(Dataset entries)
>>

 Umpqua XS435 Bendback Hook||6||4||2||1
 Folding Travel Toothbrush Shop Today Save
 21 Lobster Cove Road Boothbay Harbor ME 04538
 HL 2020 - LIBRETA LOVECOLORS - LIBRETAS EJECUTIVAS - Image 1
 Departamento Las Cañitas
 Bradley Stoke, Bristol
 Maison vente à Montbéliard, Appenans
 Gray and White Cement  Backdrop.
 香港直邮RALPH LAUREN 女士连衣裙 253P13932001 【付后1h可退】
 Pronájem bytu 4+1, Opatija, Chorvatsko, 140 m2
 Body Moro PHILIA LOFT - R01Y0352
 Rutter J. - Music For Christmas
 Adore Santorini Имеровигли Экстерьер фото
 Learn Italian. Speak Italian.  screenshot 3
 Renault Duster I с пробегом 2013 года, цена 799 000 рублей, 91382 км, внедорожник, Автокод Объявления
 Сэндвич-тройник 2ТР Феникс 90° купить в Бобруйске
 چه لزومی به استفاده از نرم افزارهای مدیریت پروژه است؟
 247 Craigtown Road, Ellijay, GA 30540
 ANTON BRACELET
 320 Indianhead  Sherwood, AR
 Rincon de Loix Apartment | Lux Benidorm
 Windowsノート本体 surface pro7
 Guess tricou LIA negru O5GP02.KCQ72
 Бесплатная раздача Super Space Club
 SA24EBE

<<

» What this task involves:
Repeat all the lines above, keeping them exactly as they are.

» Solution to this exercise:
 Umpqua XS435 Bendback Hook||6||4||2||1
 Folding Travel Toothbrush Shop Today Save
 21 Lobster Cove Road Boothbay Harbor ME 04538
 HL 2020 - LIBRETA LOVECOLORS - LIBRETAS EJECUTIVAS - Image 1
 Departamento Las Cañitas
 Bradley Stoke, Bristol
 Maison vente à Montbéliard, Appenans
 Gray and White Cement  Backdrop.
 香港直邮RALPH LAUREN 女士连衣裙 253P13932001 【付后1h可退】
 Pronájem bytu 4+1, Opatija, Chorvatsko, 140 m2
 Body Moro PHILIA LOFT - R01Y0352
 Rutter J. - Music For Christmas
 Adore Santorini Имеровигли Экстерьер фото
 Learn Italian. Speak Italian.  screenshot 3
 Renault Duster I с пробегом 2013 года, цена 799 000 рублей, 91382 км, внедорожник, Автокод Объявления
 Сэндвич-тройник 2ТР Феникс 90° купить в Бобруйске
 چه لزومی به استفاده از نرم افزارهای مدیریت پروژه است؟
 247 Craigtown Road, Ellijay, GA 30540
 ANTON BRACELET
 320 Indianhead  Sherwood, AR
 Rincon de Loix Apartment | Lux Benidorm
 Windowsノート本体 surface pro7
 Guess tricou LIA negru O5GP02.KCQ72
 Бесплатная раздача Super Space Club
 SA24EBE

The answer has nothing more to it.